Using only the entries below, output the lines starting at the one containing "Uomo barbuto sconvolto" and ending at the one containing "A young man", exactly and inclusive of both, omitting the pictures.

▸ **Material to process**
********
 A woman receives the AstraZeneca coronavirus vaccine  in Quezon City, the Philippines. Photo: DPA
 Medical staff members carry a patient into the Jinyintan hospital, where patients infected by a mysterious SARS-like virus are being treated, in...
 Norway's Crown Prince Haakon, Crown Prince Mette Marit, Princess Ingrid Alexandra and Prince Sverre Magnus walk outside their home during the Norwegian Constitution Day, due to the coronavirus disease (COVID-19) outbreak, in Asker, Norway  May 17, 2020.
********
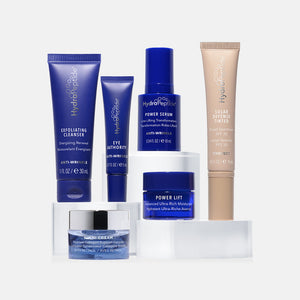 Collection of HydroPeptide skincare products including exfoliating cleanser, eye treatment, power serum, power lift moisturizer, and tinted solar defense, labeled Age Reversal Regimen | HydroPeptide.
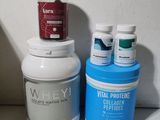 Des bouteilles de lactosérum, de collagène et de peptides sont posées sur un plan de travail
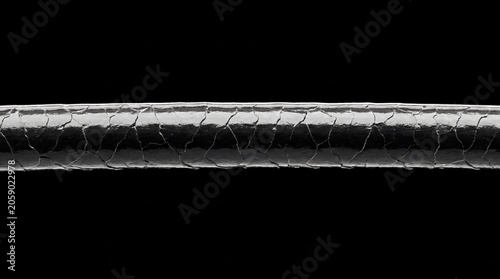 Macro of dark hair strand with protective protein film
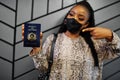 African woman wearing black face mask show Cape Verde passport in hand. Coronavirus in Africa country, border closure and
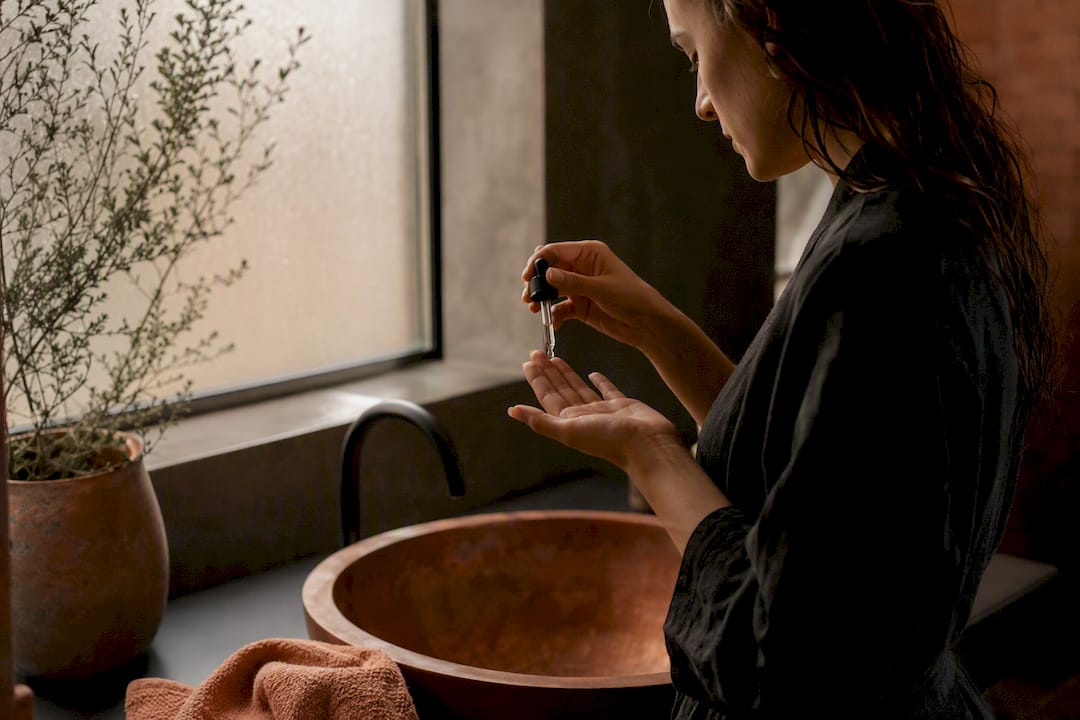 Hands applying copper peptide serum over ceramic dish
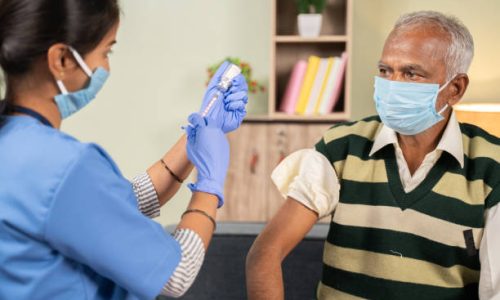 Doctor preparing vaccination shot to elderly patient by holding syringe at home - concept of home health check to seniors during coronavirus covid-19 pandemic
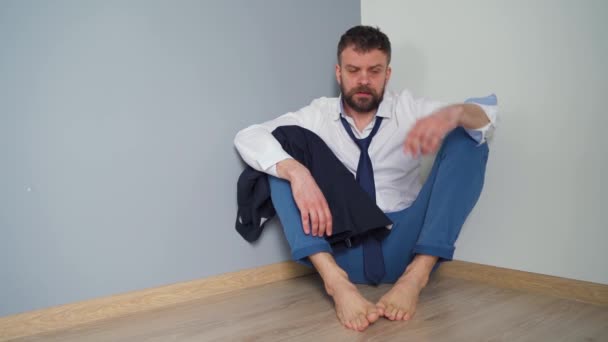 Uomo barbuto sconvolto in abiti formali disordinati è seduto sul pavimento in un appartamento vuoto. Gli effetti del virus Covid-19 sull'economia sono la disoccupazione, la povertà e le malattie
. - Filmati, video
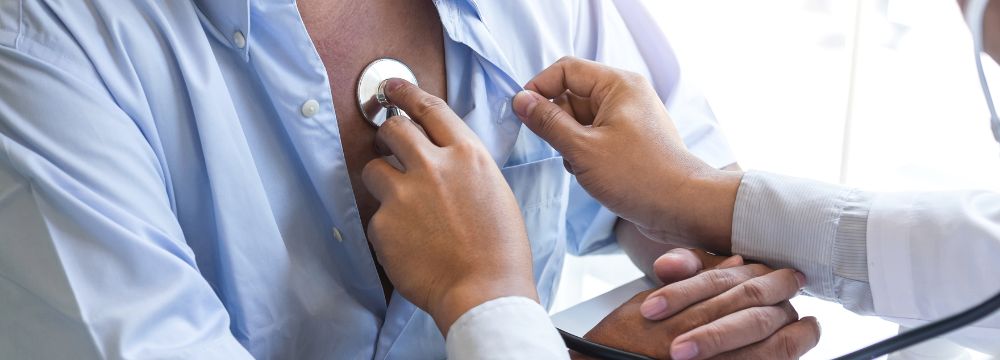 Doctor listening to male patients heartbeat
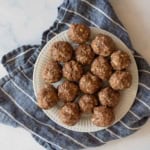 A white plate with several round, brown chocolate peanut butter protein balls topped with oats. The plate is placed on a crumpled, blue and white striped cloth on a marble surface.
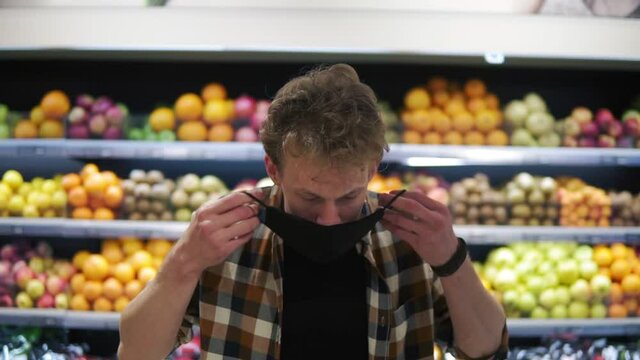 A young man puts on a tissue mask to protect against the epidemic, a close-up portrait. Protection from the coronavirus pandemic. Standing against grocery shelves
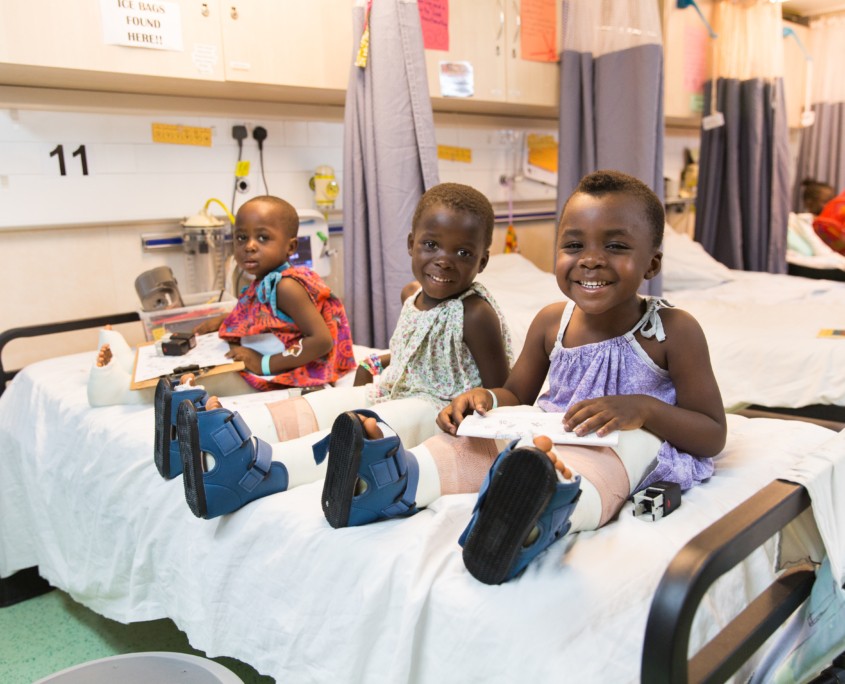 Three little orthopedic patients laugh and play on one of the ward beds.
********
▸ **Written response**
 Uomo barbuto sconvolto in abiti formali disordinati è seduto sul pavimento in un appartamento vuoto. Gli effetti del virus Covid-19 sull'economia sono la disoccupazione, la povertà e le malattie
. - Filmati, video
 Doctor listening to male patients heartbeat
 A white plate with several round, brown chocolate peanut butter protein balls topped with oats. The plate is placed on a crumpled, blue and white striped cloth on a marble surface.
 A young man puts on a tissue mask to protect against the epidemic, a close-up portrait. Protection from the coronavirus pandemic. Standing against grocery shelves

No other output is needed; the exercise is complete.